2-2-1:会社から明らかな命令があった場合

会社からはっきりと業務命令があった場合の証拠としては、以下のものが有効です。

①就業規則
始業時間より会社に早く来ることが就業規則に書かれていた場合。

証拠として就業規則をコピーして保管しておくことをおすすめします。

②業務命令が記載されたメール・書面・ホワイトボードなど
上司などから早出出勤がメールで指示されていた場合。

社用パソコンに保存しているだけでは、消されてしまう可能性があります。

これもコピーして保管しておくと良いでしょう。

また、早出を指示する書面やホワイトボードがあればそれも保存しておくと重要な証拠になります。

2-2-2:会社から明らかな命令がなかった場合

会社からはっきりと業務命令がなかった場合でも、早出せざるを得なかった場合は、以下のようなものが有効な証拠になります。

①タイムカード
始業時間前にタイムカードを押している場合。

タイムカードも証拠として自分でコピーするか、写真に撮っておくと確実です。

②会社のパソコンの利用履歴
始業時間前にログインした記録が残っている場合。

パソコンの中にはログインの記録が残っていますので、ログが有効な証拠になります。

③入退館の記録
職場に入るときに入退館の記録をしている場合、その記録が労働時間を示す証拠になります。

④タコグラフ(タコメーター)
タクシードライバーや運送業の人の場合、タコグラフに運行記録が残っています。

これも有効な証拠になります。

⑤給与明細書
給与計算書に総労働時間が記録されていて、そこから残業時間が分かることがありますので、これも証拠として残しておきましょう。

⑥業務日報・運転日報
日報に早出で仕事をした記録を残している場合。

⑦メール・FAXの送信記録
始業時間前にメールやFAXを送信していた場合。

⑧制服、作業服などを着る時間が規定された指示書
始業時間より前に制服や作業服を着ることが、指示書などで指示されていた場合。

指示書も証拠としてコピーもしくは写真撮影しておくことをおすすめします。

⑨着るのに時間のかかる保護具等の写真
製造工場や屋外作業の現場などで働く人の場合、危険を避けるために保護具を着なければならない場合があります。

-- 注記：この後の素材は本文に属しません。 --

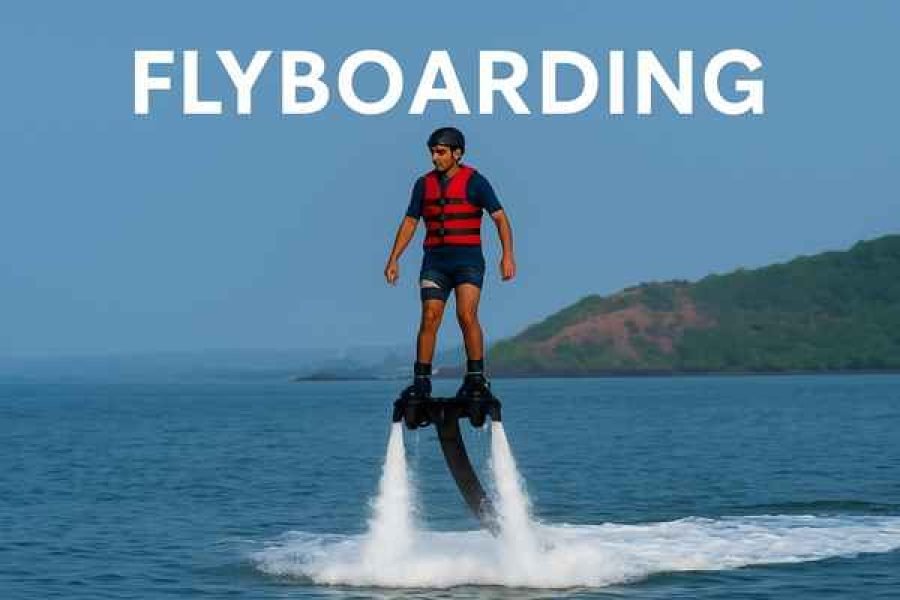 Flyboarding in North Goa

保護具は着るのに時間がかかりますので、保護具の写真などを撮っておけば、早出出勤の証拠として有効です。

⑩始業前の朝礼、体操、掃除などに参加しない場合のペナルティの証拠
朝の朝礼、体操、掃除などに参加することが、就業規則などに明示されてない場合でも、証拠にできる場合があります。

たとえば、朝礼に参加しないことでペナルティ(昇給・昇進できない、賞与を支給しないなど)がある場合、それを示すことができれば有効な証拠になります。

⑪仕事をしていた時間と業務内容の個人的な記録
日報には書いてなくても、例えば手書きの日記に書いておくことが証拠になります。

できるだけその日ごとにメモしてください。

⑫残業時間の計測アプリ
最近では、残業時間を計測できるアプリが増えているようです。

手書きやアプリの記録などは、ウソの時間を書くと証拠としてみなされず、かえって自分が不利になります。

必ず正確な時間を記録するようにしましょう。

証拠について、詳しくは「残業代 証拠」の記事をご覧ください。

3章:残業代をもらうためにすぐに行動しよう

残業代を払ってもらうためにあなたがやらなければならないのことは、以下のことです。

①自分の残業代がどれくらいになるのか把握する

②有効な証拠を集める

③弁護士に相談する

それでは、まずは計算方法から解説します。

3-1:2時間の早出で残業代は132万円増える!?

実際にもらうことができる残業代はどれくらいになるのでしょうか?

残業時間には、原則的に、時給に1.25倍の割増率がかけられた金額が残業代として支払われます(詳しくは1−1で解説しました)。

残業時間には1.25倍の割増率がかけられる

たとえば、時給1,000円で働いている人の場合、残業代は1,250円になります(深夜残業や休日出勤がなかった場合)。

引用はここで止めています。